━━━ DATA FOR THIS TASK
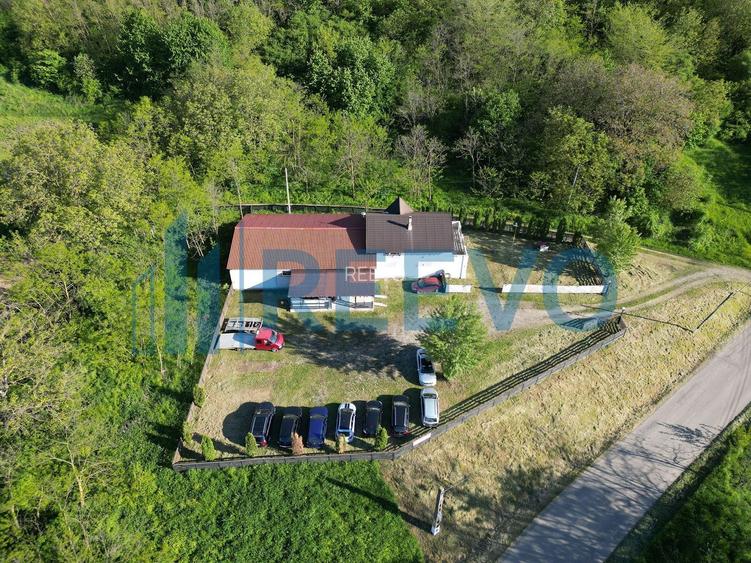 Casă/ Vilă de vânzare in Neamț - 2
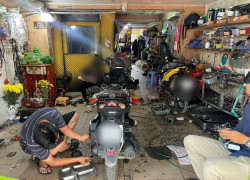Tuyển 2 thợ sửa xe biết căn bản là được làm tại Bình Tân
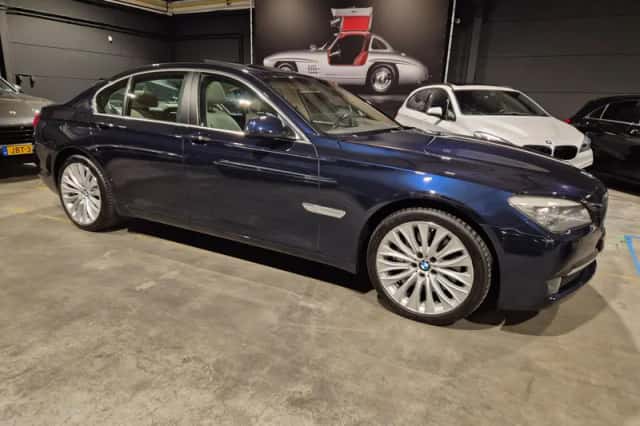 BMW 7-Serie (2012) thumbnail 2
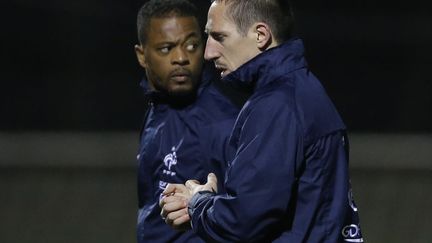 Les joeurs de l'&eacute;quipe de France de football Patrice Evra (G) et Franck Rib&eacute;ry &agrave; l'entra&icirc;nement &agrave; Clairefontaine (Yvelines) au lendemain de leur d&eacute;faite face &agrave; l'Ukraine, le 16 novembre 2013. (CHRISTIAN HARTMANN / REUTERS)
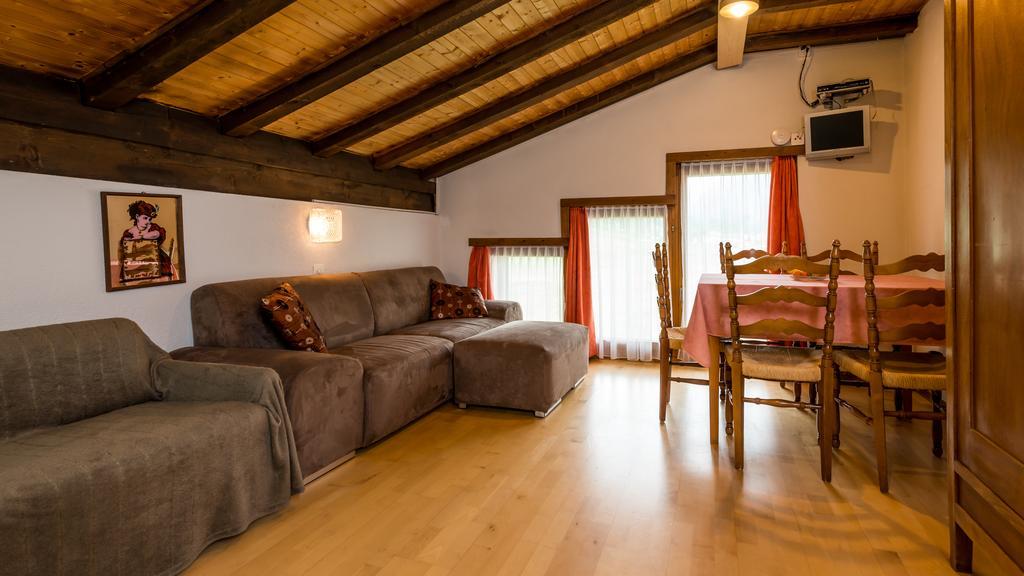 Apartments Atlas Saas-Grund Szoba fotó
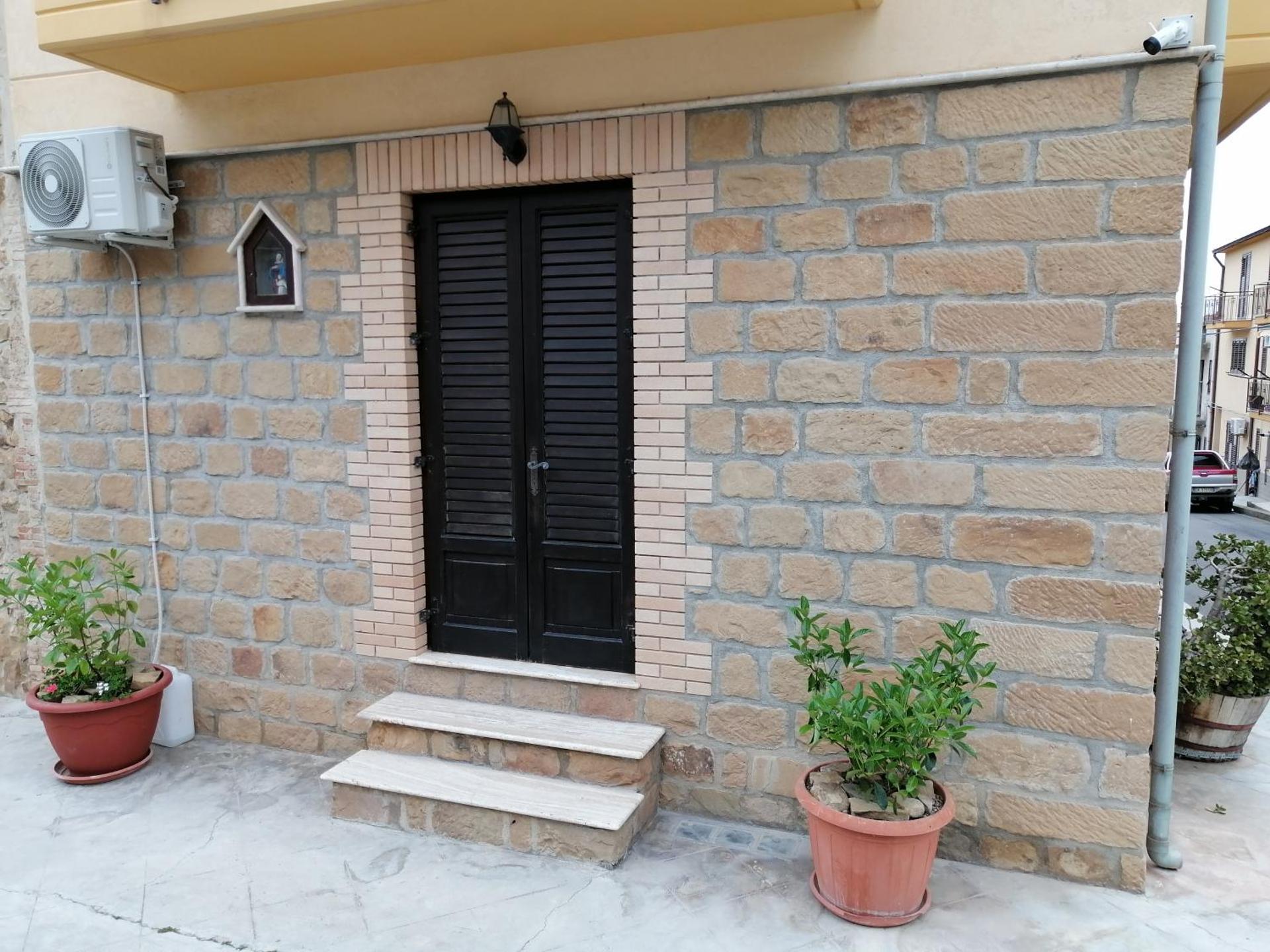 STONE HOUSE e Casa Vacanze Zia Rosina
━━━━━━
━━━ DATA FOR THIS TASK
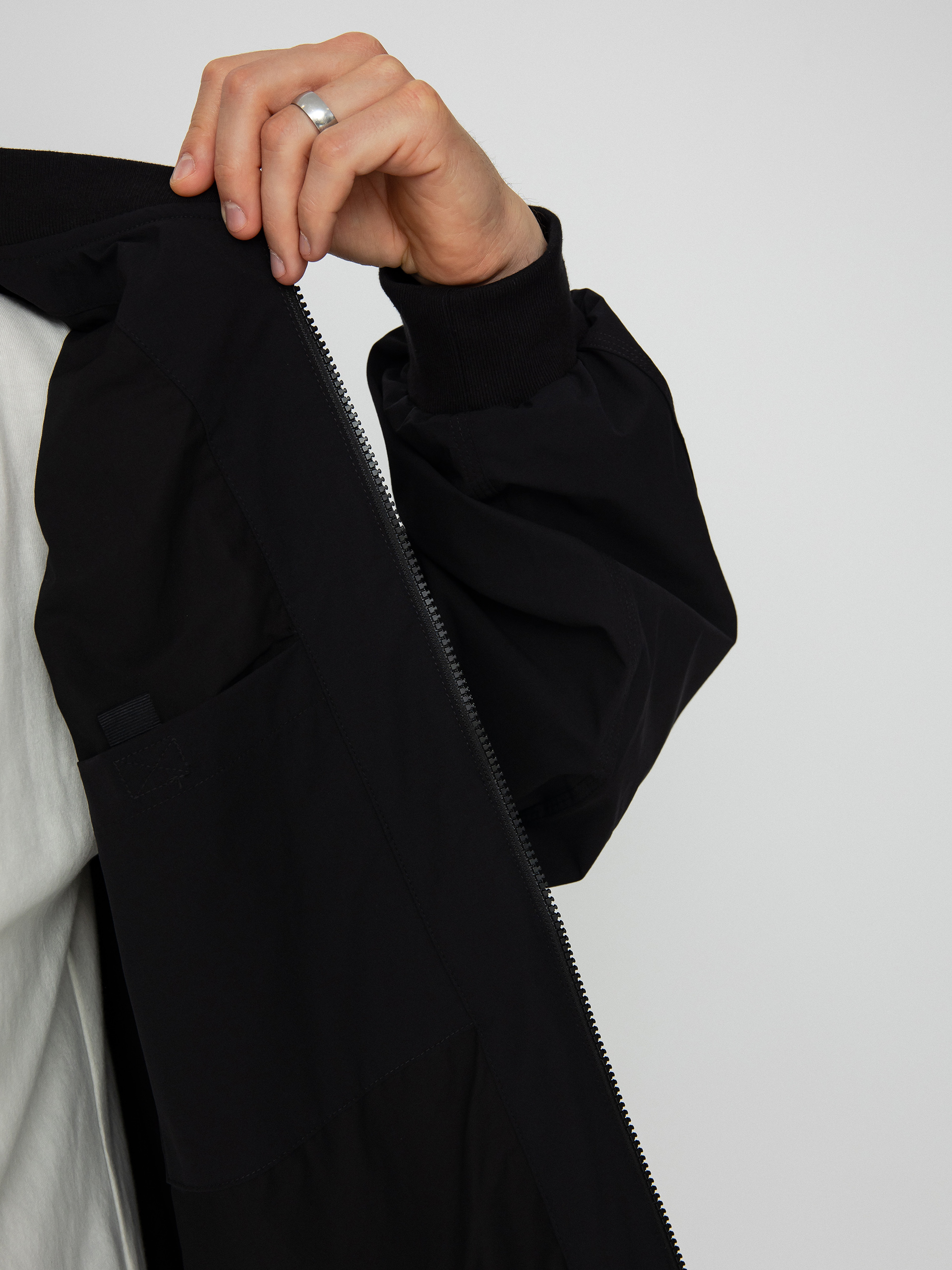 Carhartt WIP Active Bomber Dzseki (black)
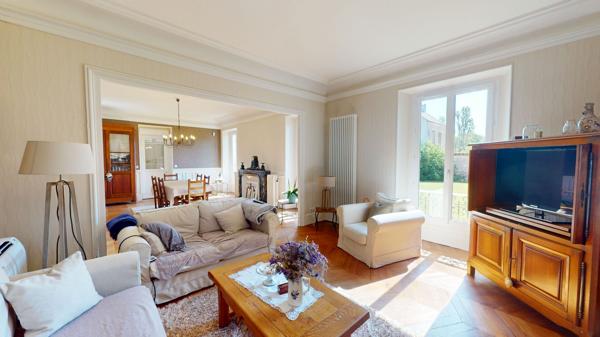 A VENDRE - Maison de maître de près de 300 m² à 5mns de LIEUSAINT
━━━━━━
━━━ DATA FOR THIS TASK
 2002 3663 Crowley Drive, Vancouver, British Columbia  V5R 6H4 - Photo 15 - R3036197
━━━━━━
| WHAT TO WORK ON |
Copy exactly, without pictures, the lines above from the one with "Casă/ Vilă de vânzare in Neamț - 2" down to the one with "STONE HOUSE e Casa Vacanze Zia Rosina", inclusive.

| RESULT |
 Casă/ Vilă de vânzare in Neamț - 2
Tuyển 2 thợ sửa xe biết căn bản là được làm tại Bình Tân
 BMW 7-Serie (2012) thumbnail 2
 Les joeurs de l'&eacute;quipe de France de football Patrice Evra (G) et Franck Rib&eacute;ry &agrave; l'entra&icirc;nement &agrave; Clairefontaine (Yvelines) au lendemain de leur d&eacute;faite face &agrave; l'Ukraine, le 16 novembre 2013. (CHRISTIAN HARTMANN / REUTERS)
 Apartments Atlas Saas-Grund Szoba fotó
 STONE HOUSE e Casa Vacanze Zia Rosina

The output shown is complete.